I agree, but so far nobody suggested another use for this information.
Do you have any suggestions?

The idea was that if it is useful only with HW timestamping, it would
be better to save it only with the timestamp, so there is no
performance impact in the more common case when HW timestamping is
disabled. Am I overly cautious here?

> Either an ioctl similar to SIOCGIFMTU or, if it may
> vary due to existince of vlan headers, a new independent cmsg at the
> SOL_SOCKET layer.

It's not just the VLAN headers. The length of the IP header may vary
with IP options, so the offset of the UDP data in the packet cannot be
assumed to be constant.

Now I'm wondering if it's actually necessary to save the original
value of skb->mac_len + skb->len. Would "skb->data - skb->head -
skb->mac_header + skb->len" always work as the L2 length for received
packets at the time when the cmsg is prepared?

As for the original ifindex, it seems to me it does need to be saved
to a new field since __netif_receive_skb_core() intentionally
overwrites skb->skb_iif. What would be the best place for it, sk_buff
or skb_shared_info?

And would it really be acceptable to save it for all packets in
__netif_receive_skb_core(), even when HW timestamping is disabled?
Seeing how the code and the data structures were optimized over time,
I have a feeling it would not be accepted.
Willem de Bruijn April 24, 2017, 3:18 p.m. UTC | #5
On Mon, Apr 24, 2017 at 5:00 AM, Miroslav Lichvar <mlichvar@redhat.com> wrote:
> On Thu, Apr 13, 2017 at 12:16:09PM -0400, Willem de Bruijn wrote:
>> On Thu, Apr 13, 2017 at 11:18 AM, Miroslav Lichvar <mlichvar@redhat.com> wrote:
>> > On Thu, Apr 13, 2017 at 10:37:07AM -0400, Willem de Bruijn wrote:
>> >> Why is this L2 length needed?
>> >
>> > It's needed for incoming packets to allow converting of preamble
>> > timestamps to trailer timestamps.
>>
>> Receiving the mac length of a packet sounds like a feature independent
>> from timestamping.
>
> I agree, but so far nobody suggested another use for this information.
> Do you have any suggestions?
>
> The idea was that if it is useful only with HW timestamping, it would
> be better to save it only with the timestamp, so there is no
> performance impact in the more common case when HW timestamping is
> disabled. Am I overly cautious here?

The additional cost of a cmsg is zero for sockets that have no cmsg
enabled, due to

        if (inet->cmsg_flags)
                ip_cmsg_recv_offset(msg, sk, skb, sizeof(struct udphdr), off);

But you might be right that there are no uses outside the specific
timestamp requirement you have, so if you prefer to use a timestamp
option, I won't object further.

>> Either an ioctl similar to SIOCGIFMTU or, if it may
>> vary due to existince of vlan headers, a new independent cmsg at the
>> SOL_SOCKET layer.

The latter would require adding the SOL_SOCKET level cmsg processing
infra. It is simpler to just add it at the INET/INET6 levels.

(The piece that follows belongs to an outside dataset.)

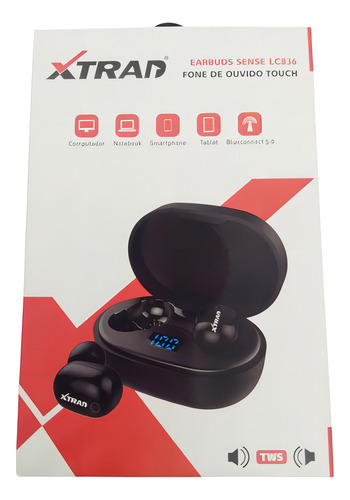 Fone Para Treino Corrida Sem Fio Com Microfone Bluetooth Cor Preto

> It's not just the VLAN headers. The length of the IP header may vary
> with IP options, so the offset of the UDP data in the packet cannot be
> assumed to be constant.

As well as tunnels.

> Now I'm wondering if it's actually necessary to save the original
> value of skb->mac_len + skb->len.

Computing it on recv if needed is definitely preferable to computing
on enqueue and storing in an intermediate variable.

> Would "skb->data - skb->head -
> skb->mac_header + skb->len" always work as the L2 length for received
> packets at the time when the cmsg is prepared?

(skb->data - skb->head) - skb->mac_header computes the length
of data before the mac, such as reserve? Do you mean skb->data -
skb->mac_header (or - skb_mac_offset(skb))?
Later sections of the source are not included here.